When EMG during walking was expressed as a percentage of the peak EMG obtained from a maximal contraction, OW had nearly double the plantarflexor activation of NW, despite walking 19% slower. A novel finding was that there was a weak, inverse correlation between muscle stiffness and plantarflexor activation. The author hypothesizes that the elevated muscle activation in OW may have occurred to increase active force generation to compensate for a poor ability to utilize elastic energy, and, because OW possessed low plantarflexor strength and were operating at a high percentage of capacity. Greater muscle activation is problematic because it elevates the energy cost of walking, increases the likelihood for fatigue as high-threshold motor units are recruited, and contributes to a greater sense of effort during ambulation [28, 29]. Previous research in the author’s laboratory demonstrated that the mass-specific energy cost of walking was 20% greater in OW compared to NW [3]. While a number of biomechanical gait alterations in OW walkers explain some of their elevated energy cost [30], it is interesting to consider that impaired ability to utilize MTU elastic energy could also contribute to greater energy cost of walking.

5. Conclusions

OW demonstrated lower MTU stiffness than NW that hinders their capacity to passively store elastic energy. Low plantarflexor stiffness and work absorption were associated with adiposity, low strength, diminished lower-extremity forces and rates during walking, slower walking speed, and elevated muscle activation. This study presents preliminary evidence that the passive-elastic properties of muscle differ between OW and NW and that these properties are related to the maximal walking performance in older adults.

Highlights.

  • Passive-elastic properties of skeletal muscle may be altered by age and adiposity.
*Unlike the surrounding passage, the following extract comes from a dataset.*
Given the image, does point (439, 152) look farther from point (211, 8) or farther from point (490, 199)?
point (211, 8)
  • Ankle plantarflexor stiffness is lower in overweight and obese older adults than normal weight.

  • Stiffness and work absorption are related to propulsive forces and maximal speed during walking.
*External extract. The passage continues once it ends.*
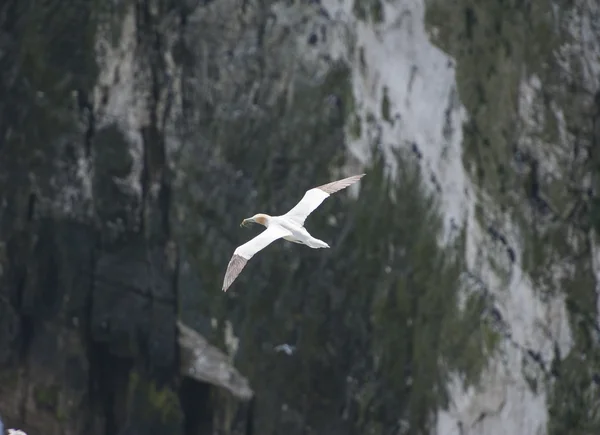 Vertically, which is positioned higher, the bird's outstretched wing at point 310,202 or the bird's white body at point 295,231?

  • Muscle activation during walking is greater in obese older adults who possess low plantarflexor stiffness.

Acknowledgments

D.P. LaRoche was supported by the National Center for Advancing Translational Sciences via NIH Grant L30 TR000588. The National Institutes of Health had no involvement in the study design, in the collection, analysis and interpretation of data; in the writing of the manuscript; or in the decision to submit the manuscript for publication.

Footnotes

Conflict of Interest

The author reports no conflict of interest.